**WHAT YOU SHOULD DO:**
Output every line below as it stands, dropping only the images.

**THE DATA:**
▼
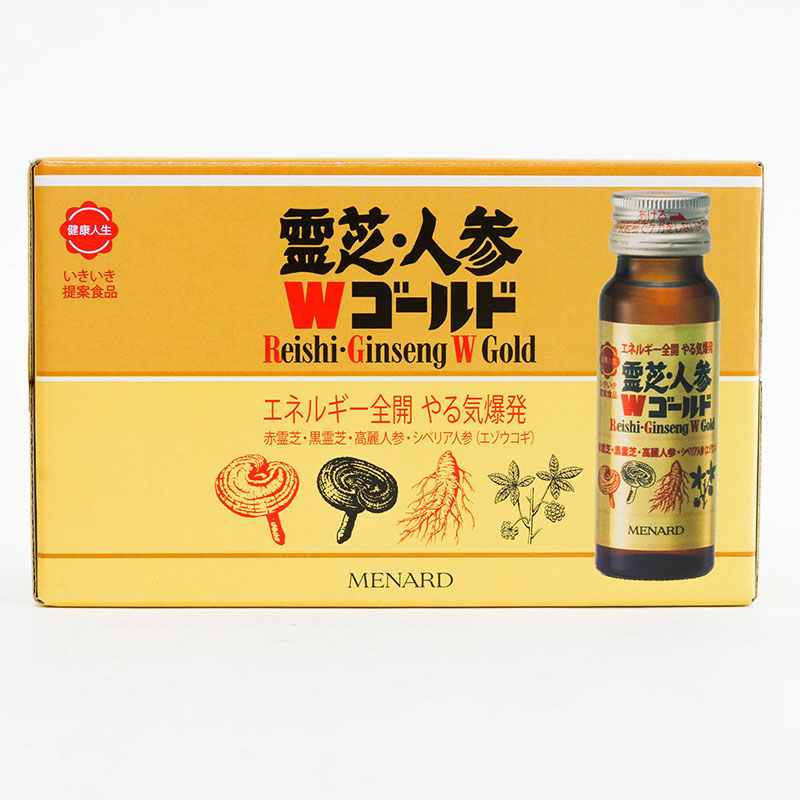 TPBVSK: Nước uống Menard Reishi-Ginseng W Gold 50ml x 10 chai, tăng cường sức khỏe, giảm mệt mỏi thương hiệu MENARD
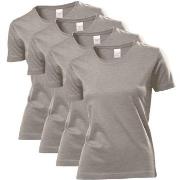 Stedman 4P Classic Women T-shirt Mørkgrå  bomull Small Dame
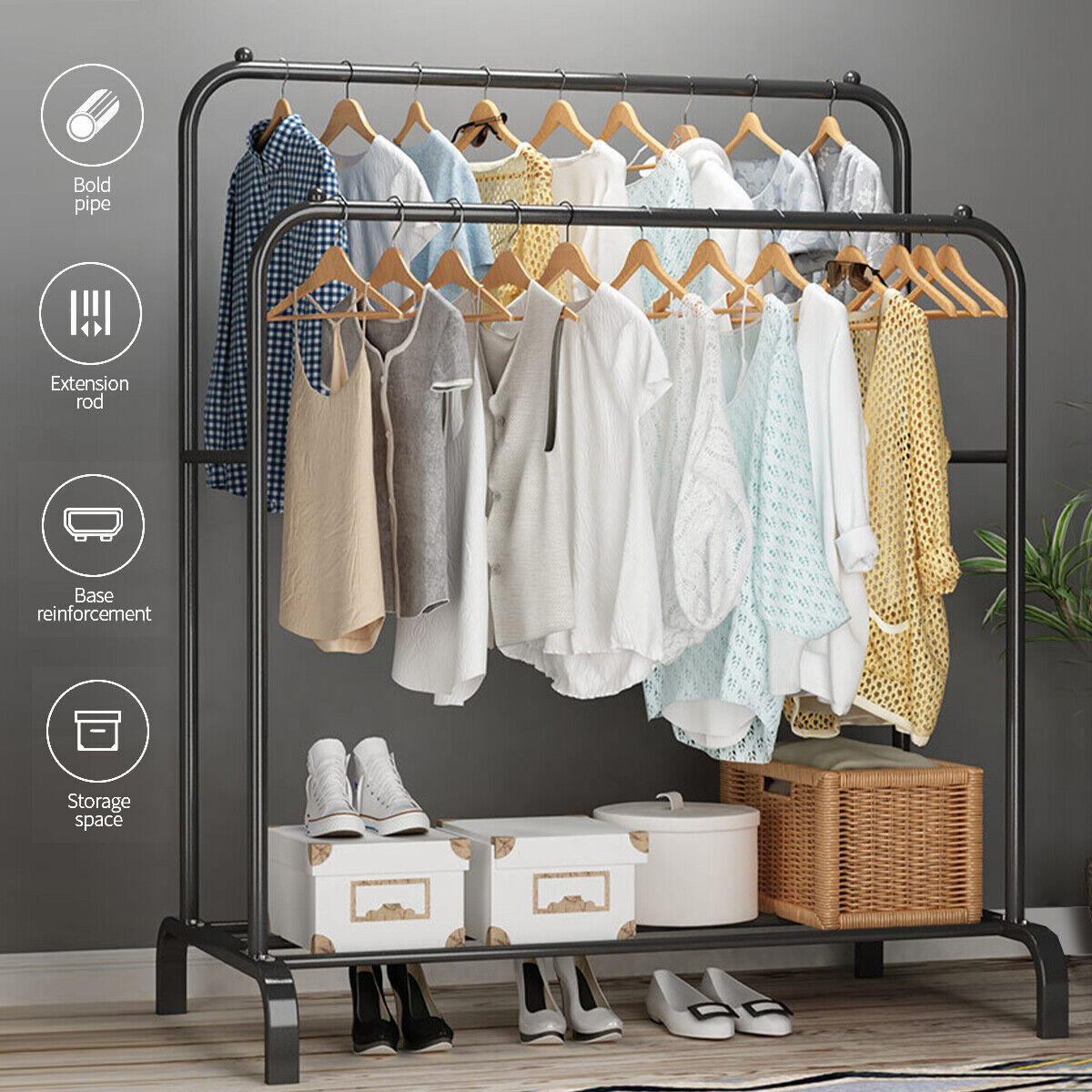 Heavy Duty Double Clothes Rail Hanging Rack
▲
**SOLUTION FOR THIS EXERCISE:**
 TPBVSK: Nước uống Menard Reishi-Ginseng W Gold 50ml x 10 chai, tăng cường sức khỏe, giảm mệt mỏi thương hiệu MENARD
 Stedman 4P Classic Women T-shirt Mørkgrå  bomull Small Dame
 Heavy Duty Double Clothes Rail Hanging Rack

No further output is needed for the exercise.